Super-resolution of generalized spikes and spectra of confluent Vandermonde matrices

TL;DR

This paper addresses super-resolution of Dirac distributions and their derivatives on a circle from noisy Fourier data, providing sharp bounds on matrix singular values and error estimates under partial clustering conditions.

Contribution

It introduces new asymptotic bounds for the singular values of confluent Vandermonde matrices and derives matching error bounds for super-resolution with grid-constrained nodes.

Findings

Sharp asymptotic bounds for singular values of confluent Vandermonde matrices.

Matching lower and upper min-max error bounds for super-resolution.

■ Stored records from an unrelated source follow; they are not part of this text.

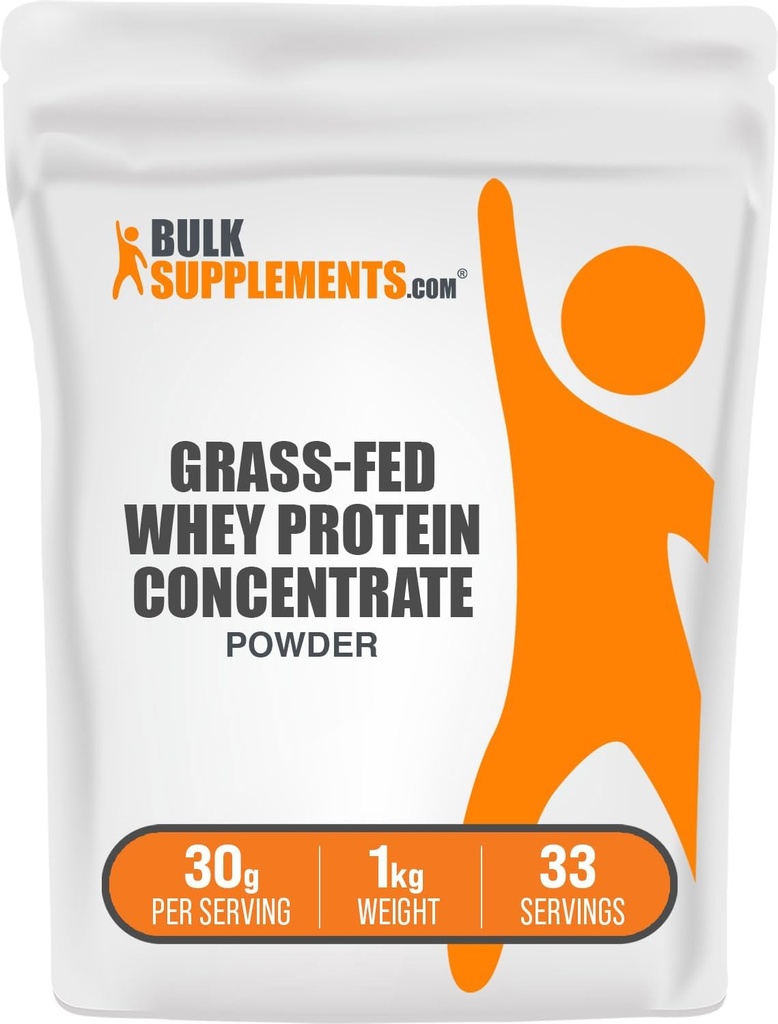 [BRSWKYDRCENAKFLO] BulkSupplements.com Grass Fed Whey Protein Powder - Whey Protein Concentrate Powder - Unflavored & Gluten Free, 30g per Serving, 1kg (2.2 lbs) (Pack of 1)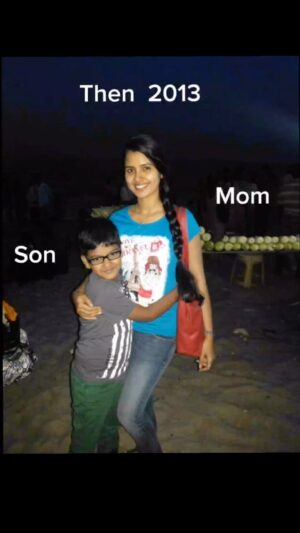 Nanditha Jennifer Instagram - Time flew by…..⏳😉
.
.
#trending #reels #transformation #growingtofast #instagram #instadaily #mom #son #viralreels #shantanav6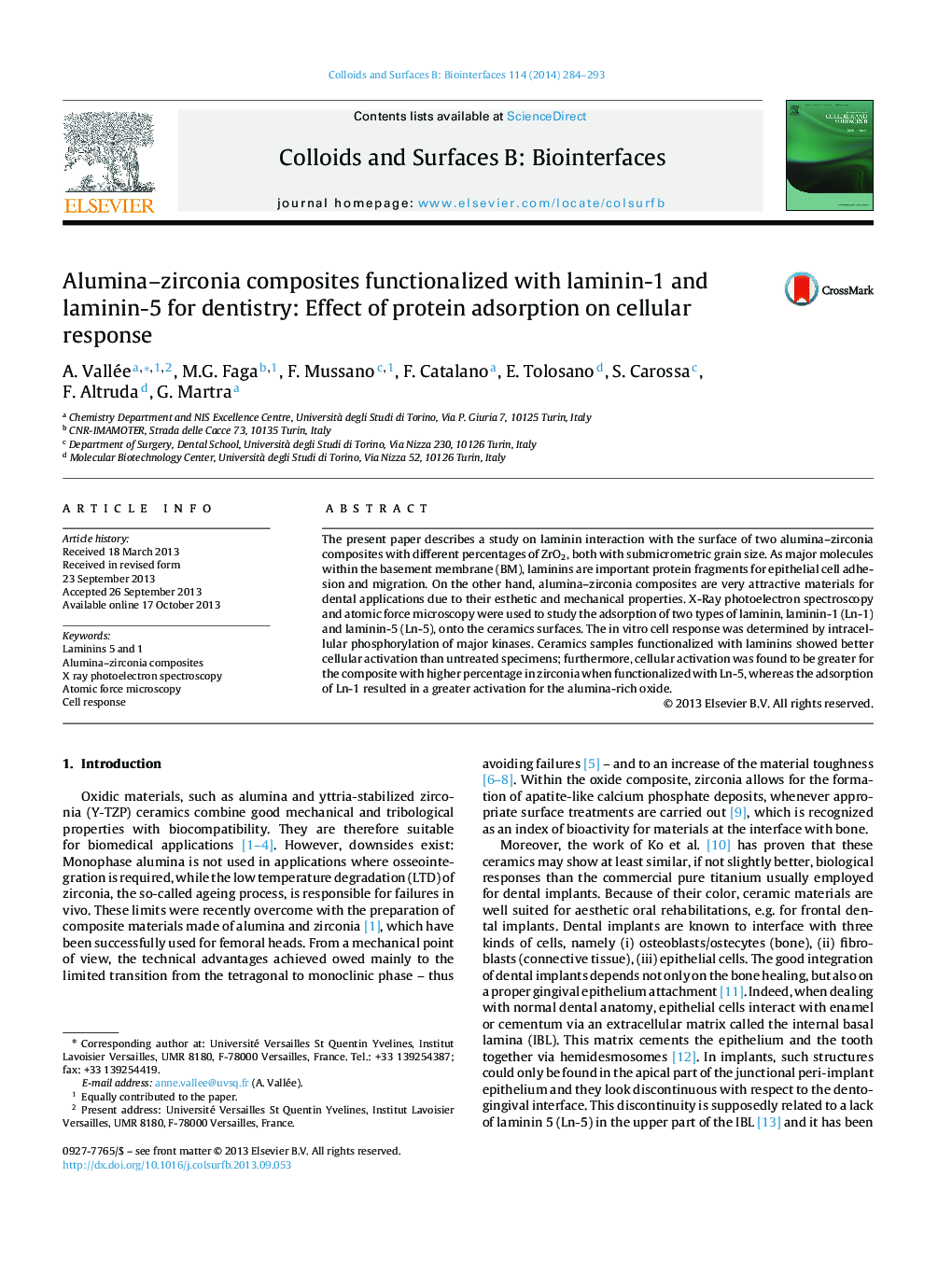 Alumina-zirconia composites functionalized with laminin-1 and laminin-5 for dentistry: Effect of protein adsorption on cellular response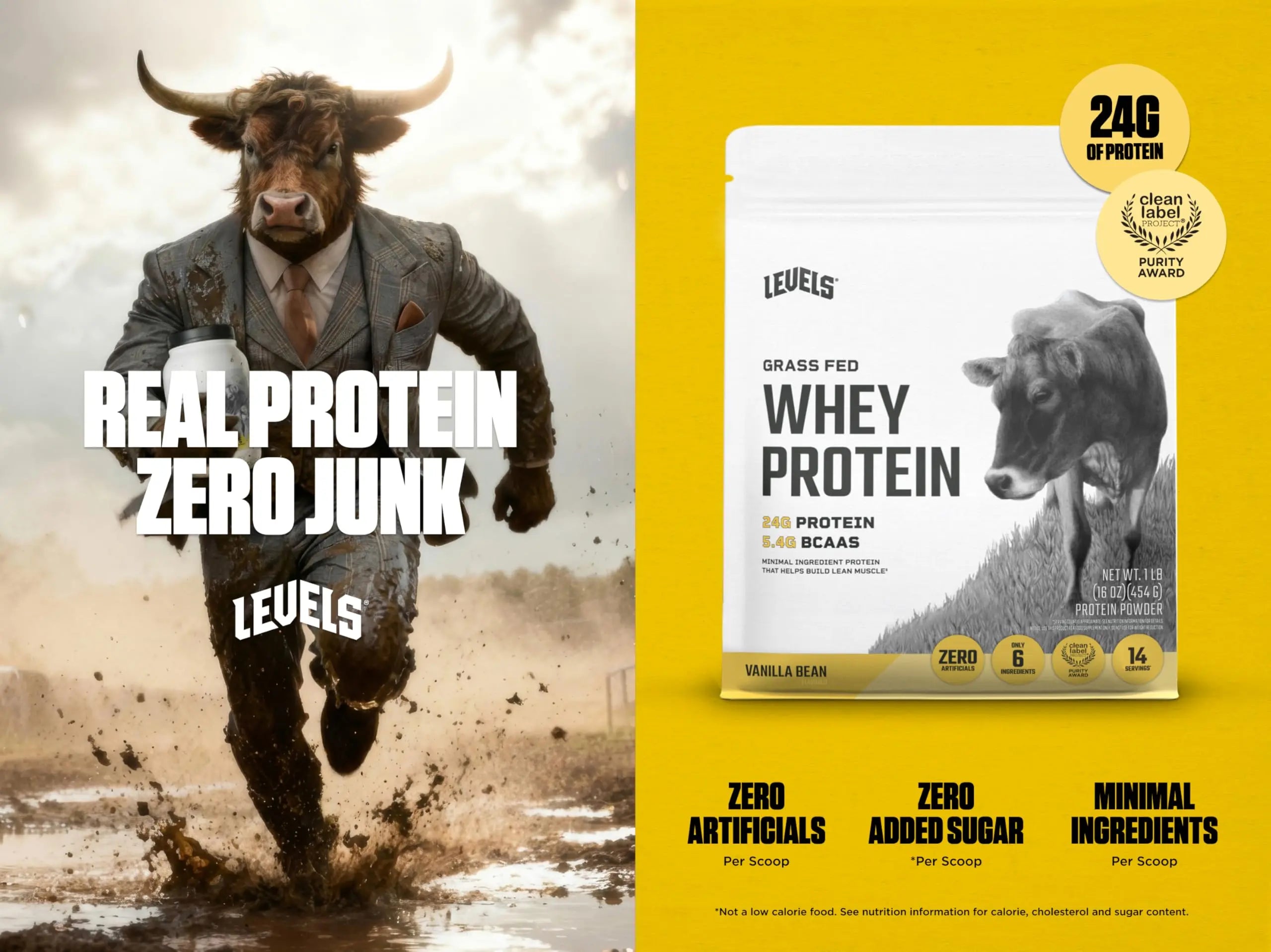 Levels Grass Fed Whey Protein Powder, No Artificials, 24G of Protein, Vanilla Bean, 1LB Levels Nutrition uk supplements
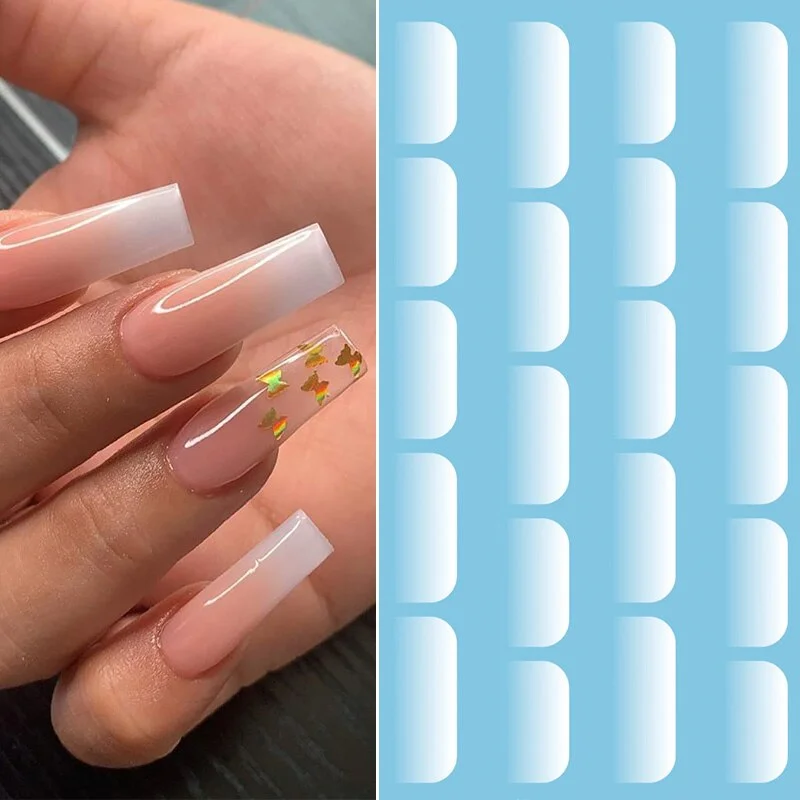 1 PC Water Nail Design Decals Sticker Beautiful Protein White Gradient Fresh Transfer Sticker Nature Nail Art Wrap DIY Nail Tips-Nail Inspo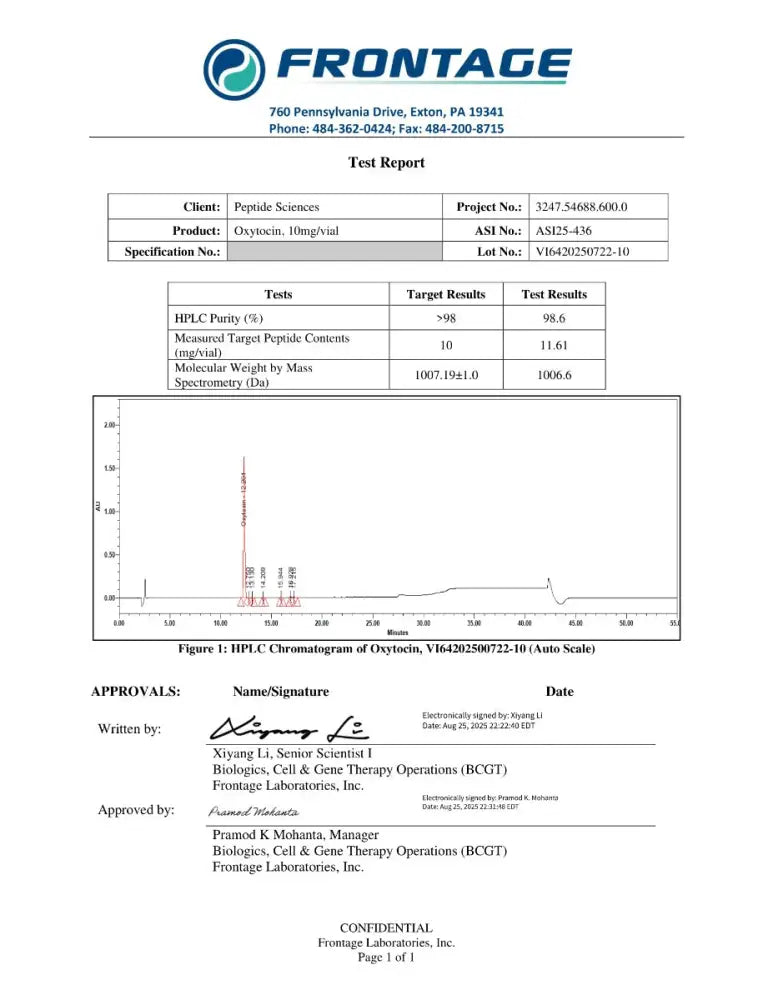 Oxytocin 10mg (6000 IU) - Peptide Sciences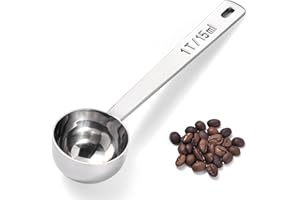 18/8 Stainless Steel Coffee Scoop, Doosu Food-Grade Metal Measuring Spoon with 4.3in Long Handle, Tablespoon Scooper for Coffee Beans, Ground Coffee, Espresso, Protein Powders, Tea, Sugar (1 Tbsp)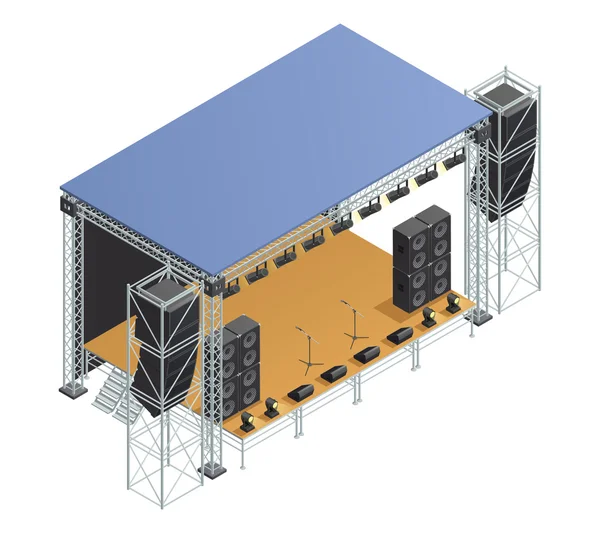 Póster isométrico en etapa — Archivo Imágenes Vectoriales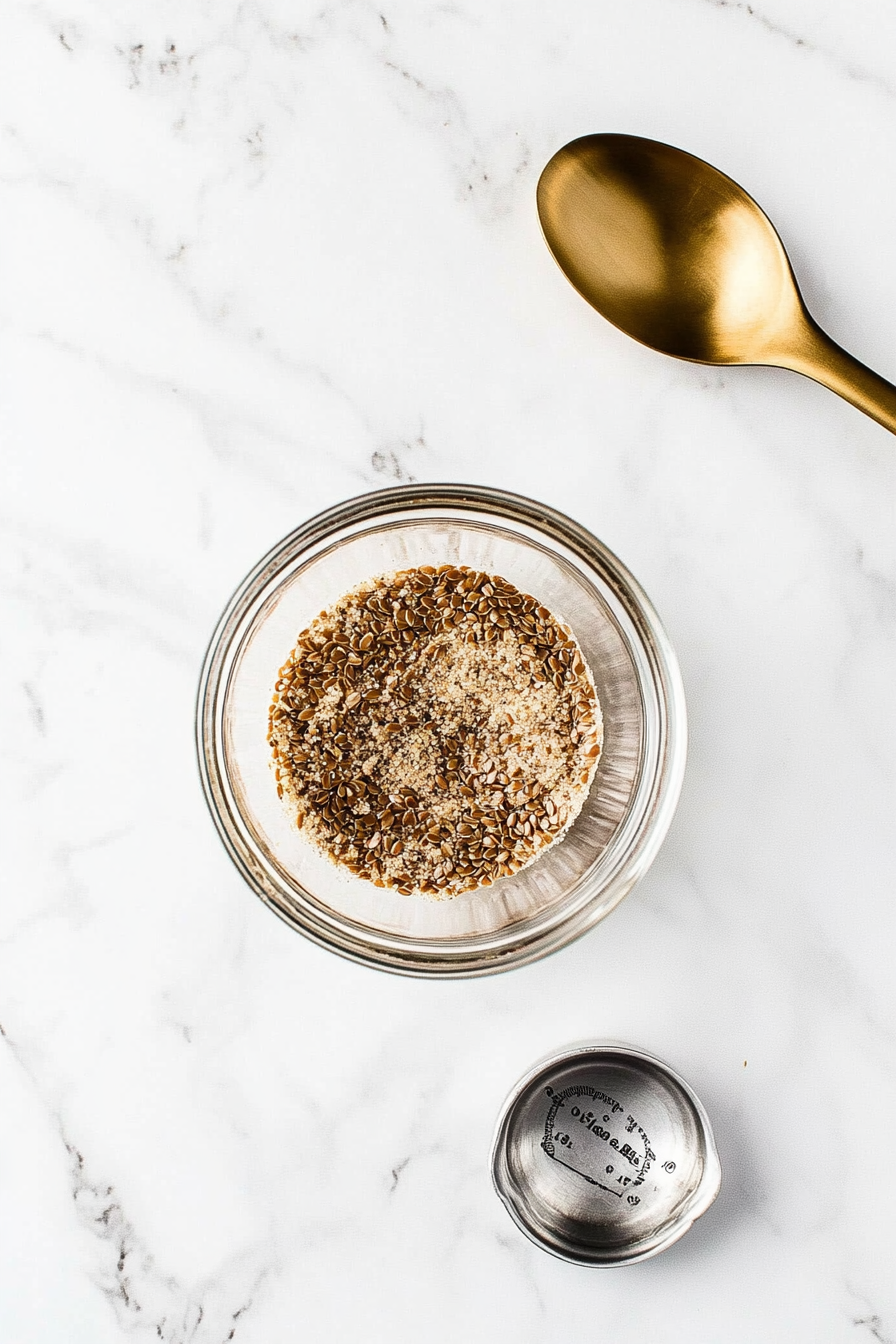 This image shows a small bowl with ground flaxseed mixed with water, thickening into a gel-like consistency to be used as an egg substitute for the protein oats cookies.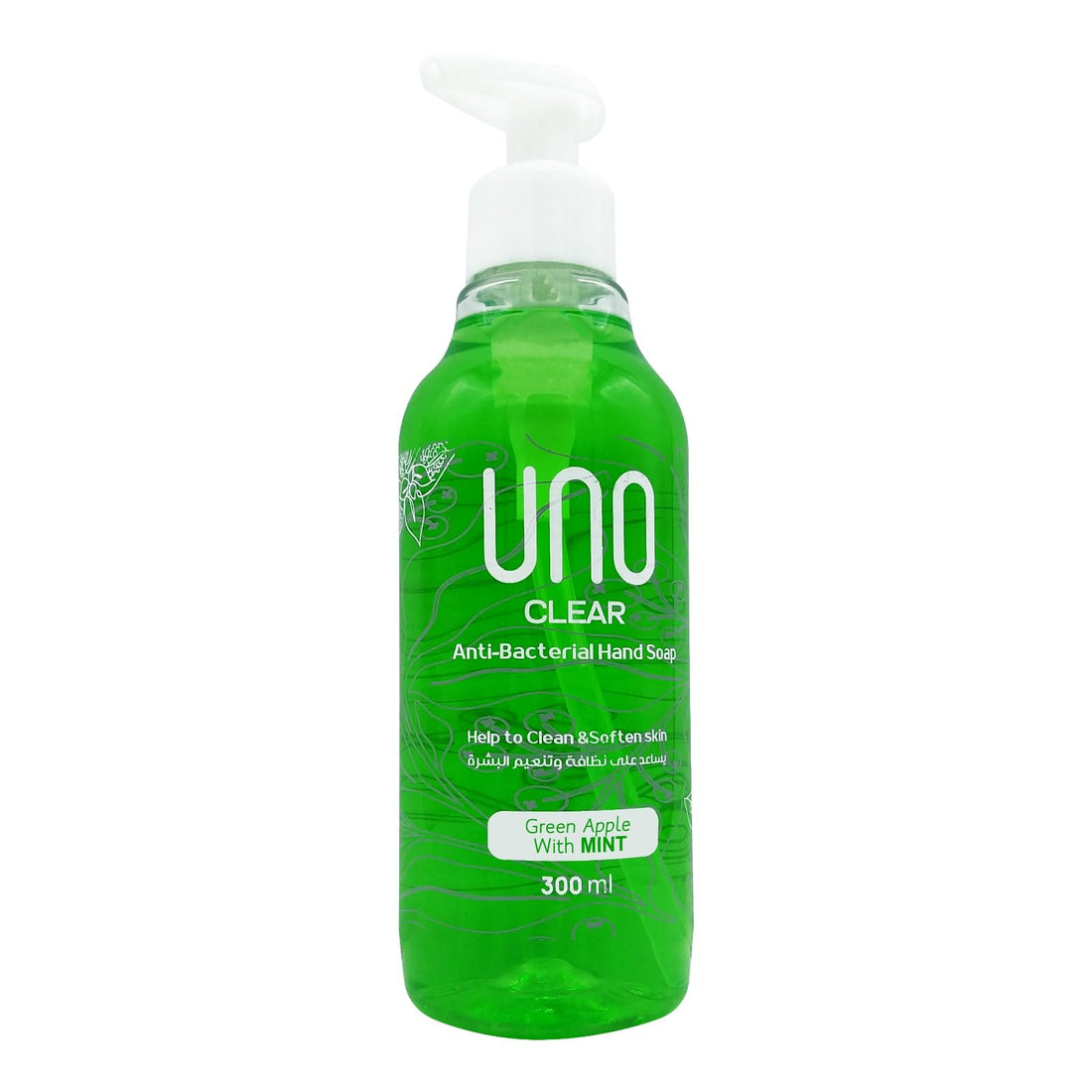UNO Clear Anti-Bacterial Hand Soap Green Apple With Mint Sent - 300ML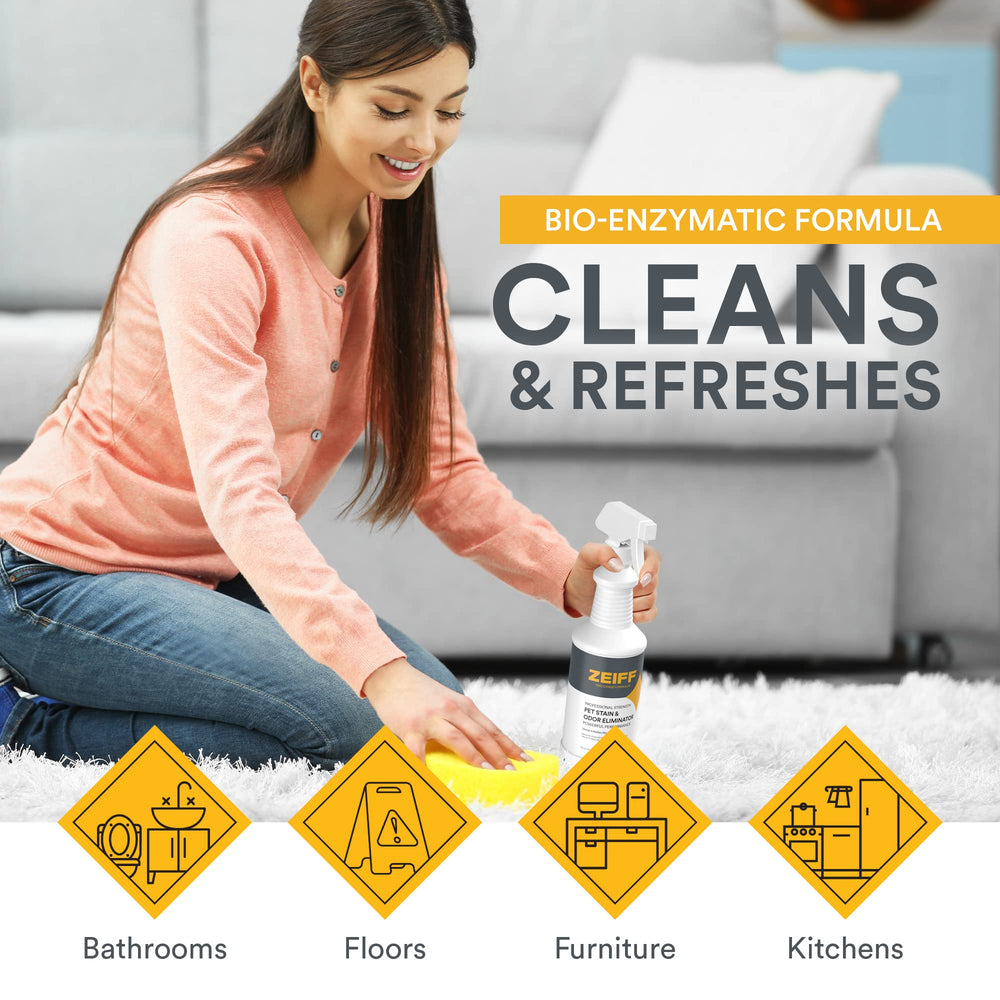 Zeiff Pet Stain & Odor Remover enzymes graphic highlights stain breakdown.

Results applicable under partial clustering and grid assumptions.

Abstract

We study the problem of super-resolution of a linear combination of Dirac distributions and their derivatives on a one-dimensional circle from noisy Fourier measurements. Following numerous recent works on the subject, we consider the geometric setting of "partial clustering", when some Diracs can be separated much below the Rayleigh limit. Under this assumption, we prove sharp asymptotic bounds for the smallest singular value of a corresponding rectangular confluent Vandermonde matrix with nodes on the unit circle. As a consequence, we derive matching lower and upper min-max error bounds for the above super-resolution problem, under the additional assumption of nodes belonging to a fixed grid.